Euronews: One of the less frequently heard aspects of global warming is the change to the planet’s soil. Desertification has been a problem for Mediterranean countries such as Spain and Greece for some time, but it is now affecting some unexpected parts of Europe, like Hungary. Mónika Lakatos is a Hungarian Meteorologist:
“The negative effect of climate change can be seen on the extreme distribution of rainfall. Because of stronger evaporation, some regions on the planet will become more arid, while others will face a bigger risk of flooding,” says Lakatos.
At the Kiskunság National Park, an abandoned water standard is a memento of a lake that was here years ago. The metres-deep water gave a livelihood to fishermen. Nowadays one of the old cottages is still standing, with a boat waiting on the dry banks outside it.

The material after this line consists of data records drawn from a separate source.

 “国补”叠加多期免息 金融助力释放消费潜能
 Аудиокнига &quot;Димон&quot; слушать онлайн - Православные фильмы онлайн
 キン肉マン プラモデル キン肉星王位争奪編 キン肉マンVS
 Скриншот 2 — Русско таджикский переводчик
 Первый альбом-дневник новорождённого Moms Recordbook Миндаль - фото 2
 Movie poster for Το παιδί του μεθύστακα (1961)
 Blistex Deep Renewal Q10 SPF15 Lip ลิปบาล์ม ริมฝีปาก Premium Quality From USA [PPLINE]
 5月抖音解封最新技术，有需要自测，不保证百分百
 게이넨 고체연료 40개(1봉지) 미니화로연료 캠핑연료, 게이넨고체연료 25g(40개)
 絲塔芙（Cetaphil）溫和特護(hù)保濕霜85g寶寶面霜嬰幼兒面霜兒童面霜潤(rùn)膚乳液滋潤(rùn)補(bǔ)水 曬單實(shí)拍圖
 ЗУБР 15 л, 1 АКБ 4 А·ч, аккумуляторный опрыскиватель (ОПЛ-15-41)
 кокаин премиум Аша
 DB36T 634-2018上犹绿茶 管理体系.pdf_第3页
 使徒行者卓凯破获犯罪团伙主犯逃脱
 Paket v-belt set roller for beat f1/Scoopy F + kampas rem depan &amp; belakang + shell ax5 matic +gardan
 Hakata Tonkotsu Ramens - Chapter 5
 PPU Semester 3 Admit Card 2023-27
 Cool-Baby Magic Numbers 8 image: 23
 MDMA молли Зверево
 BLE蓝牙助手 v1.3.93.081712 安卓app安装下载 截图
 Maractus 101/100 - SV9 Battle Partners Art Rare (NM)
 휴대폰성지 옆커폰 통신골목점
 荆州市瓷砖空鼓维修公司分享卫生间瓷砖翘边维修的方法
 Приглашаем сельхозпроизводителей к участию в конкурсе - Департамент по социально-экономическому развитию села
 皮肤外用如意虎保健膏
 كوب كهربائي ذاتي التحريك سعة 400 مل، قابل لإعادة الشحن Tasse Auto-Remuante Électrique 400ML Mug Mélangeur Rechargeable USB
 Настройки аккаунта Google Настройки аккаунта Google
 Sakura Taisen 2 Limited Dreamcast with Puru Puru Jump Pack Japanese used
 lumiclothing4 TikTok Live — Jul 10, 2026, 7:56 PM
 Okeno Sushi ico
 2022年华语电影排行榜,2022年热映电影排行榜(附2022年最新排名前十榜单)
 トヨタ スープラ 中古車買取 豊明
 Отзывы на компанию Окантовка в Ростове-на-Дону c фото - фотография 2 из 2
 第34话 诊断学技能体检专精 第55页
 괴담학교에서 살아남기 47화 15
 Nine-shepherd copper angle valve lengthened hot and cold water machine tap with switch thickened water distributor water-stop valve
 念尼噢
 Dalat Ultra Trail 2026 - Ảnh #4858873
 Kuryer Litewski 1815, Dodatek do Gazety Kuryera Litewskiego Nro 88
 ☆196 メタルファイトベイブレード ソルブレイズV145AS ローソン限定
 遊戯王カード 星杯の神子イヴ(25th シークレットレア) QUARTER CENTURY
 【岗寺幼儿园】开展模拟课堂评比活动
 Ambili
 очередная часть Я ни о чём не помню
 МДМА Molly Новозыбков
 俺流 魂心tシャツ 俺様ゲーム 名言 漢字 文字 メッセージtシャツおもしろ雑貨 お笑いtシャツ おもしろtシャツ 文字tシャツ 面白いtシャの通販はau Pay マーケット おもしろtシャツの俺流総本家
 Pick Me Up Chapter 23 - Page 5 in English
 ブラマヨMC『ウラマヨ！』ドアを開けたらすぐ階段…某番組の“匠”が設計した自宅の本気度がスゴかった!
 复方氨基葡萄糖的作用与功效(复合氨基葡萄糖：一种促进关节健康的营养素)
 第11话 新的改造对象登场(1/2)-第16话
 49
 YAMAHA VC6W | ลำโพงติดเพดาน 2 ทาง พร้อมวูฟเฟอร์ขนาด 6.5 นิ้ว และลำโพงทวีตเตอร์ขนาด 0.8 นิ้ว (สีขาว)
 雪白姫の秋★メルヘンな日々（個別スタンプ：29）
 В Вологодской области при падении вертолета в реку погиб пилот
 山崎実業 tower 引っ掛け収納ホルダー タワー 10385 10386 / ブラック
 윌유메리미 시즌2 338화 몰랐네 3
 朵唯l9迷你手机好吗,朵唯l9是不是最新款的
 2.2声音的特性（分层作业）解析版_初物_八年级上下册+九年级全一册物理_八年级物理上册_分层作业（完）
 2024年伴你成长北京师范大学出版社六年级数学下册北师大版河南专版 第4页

Ground-water levels dropped over six metres over the last decades in this area. And despite a widespread belief, planting more trees is not necessarily the best solution to save this region’s soil. Zsolt Bakró-Nagy is responsible for climate protection at the Kiskunság National Park:
“Many studies agree that planting trees increase evaporation and it lowers the level of ground-water. And it also contributes to aridification.”
Climate change is potentially changing one-third of the Earth’s surface and it puts into risk the food supply of around 1 billion people across the globe.